If the film fails flatly in the box office? Who loses it? Nobody. It’s fully paid. Paid by the Brazilian State and ultimately by the Brazilian poor population who does not have health care, nor decent public services let alone the right to complain about another gigantic inequality of the rich up and coming world power player championed by the blue-collar president.

It’s worth to remark that the former Minister of Culture, singer Gilberto Gil, has received also subsidy money shortly after leaving the ministry for more than US$ 200,00 guess for what? To produce his music DVD! If Caetano Veloso wants to make a show with tickets costing US$ 100 per head, he demands subsidies as well. If any problems or complaints arise from the fact that one of the richest singers in the country gets subsidies, he himself will call the seating Minister of Culture and the rules will bend to accomodate his needs.

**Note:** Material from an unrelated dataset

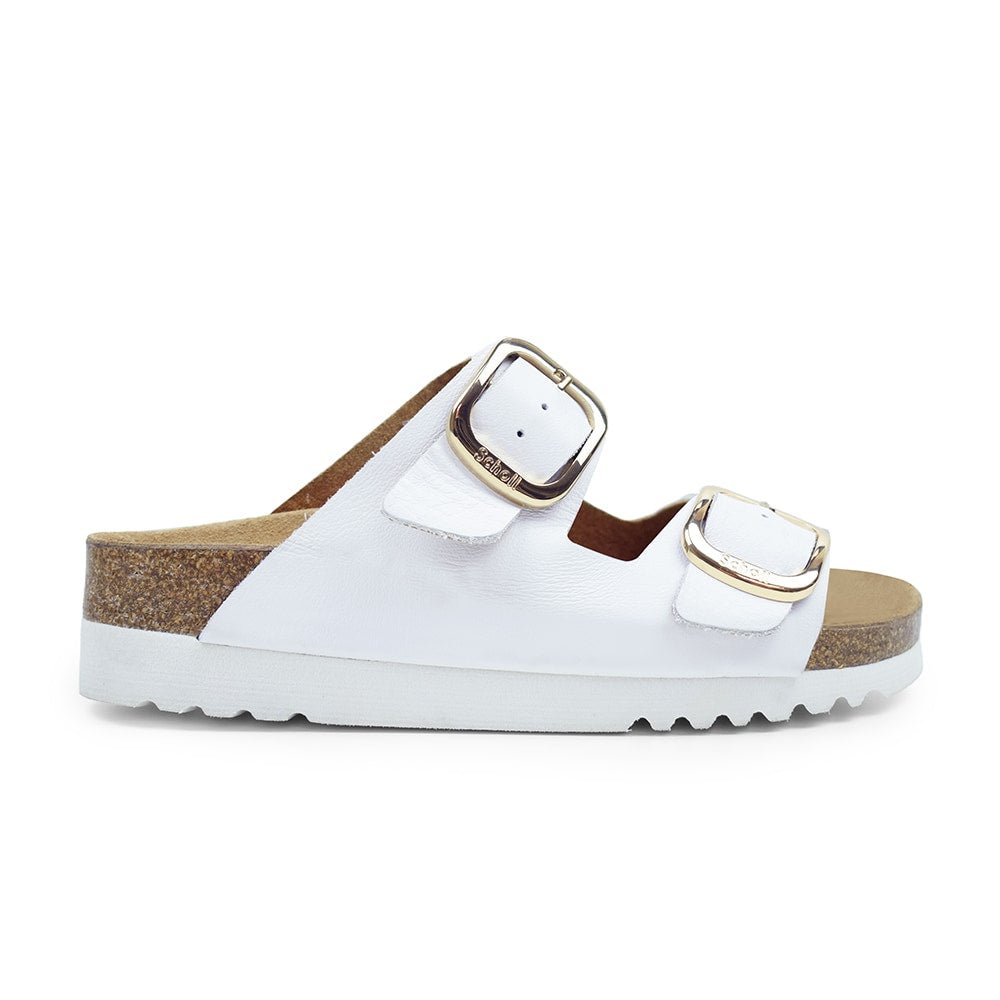 Scholl Sandaler Adapta Ilary Dam Läder Vit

Is there any strategy in the works regarding the digital “revolution”? Yeah, Walkiria Barbosa, director of Festival do Rio has recently declared that it’s necessary to combine “education + punishment + alternatives”. As an old school Stalinist,  she has it all squared out. She and all the rest! To talk about the real alternatives in Brazil is to cast yourself out of the picture, I know! I’m doing it as I write these pages. Don’t think outside the dark room with a projector running a 35 mm print otherwise you are not cultivated enough at best. If it comes to worst you are a criminal and point period. End of discussion. Someone will find a way to punish you.

AT THE END OF THE DAY, it is an investment, done by a legal entity into another legal entity. If the product is good and has returns, the “investor” will receive the principal plus profits. The taxes the company owed? Forget it, nobody will ever recall that minor detail, for god’s sake!

Woody Allen and Rio

The bad news? It is all reserved to Brazilian nationals but if you are Woody Allen governments will line up to pay for your production. Bastardy is a highly appraised art in the country.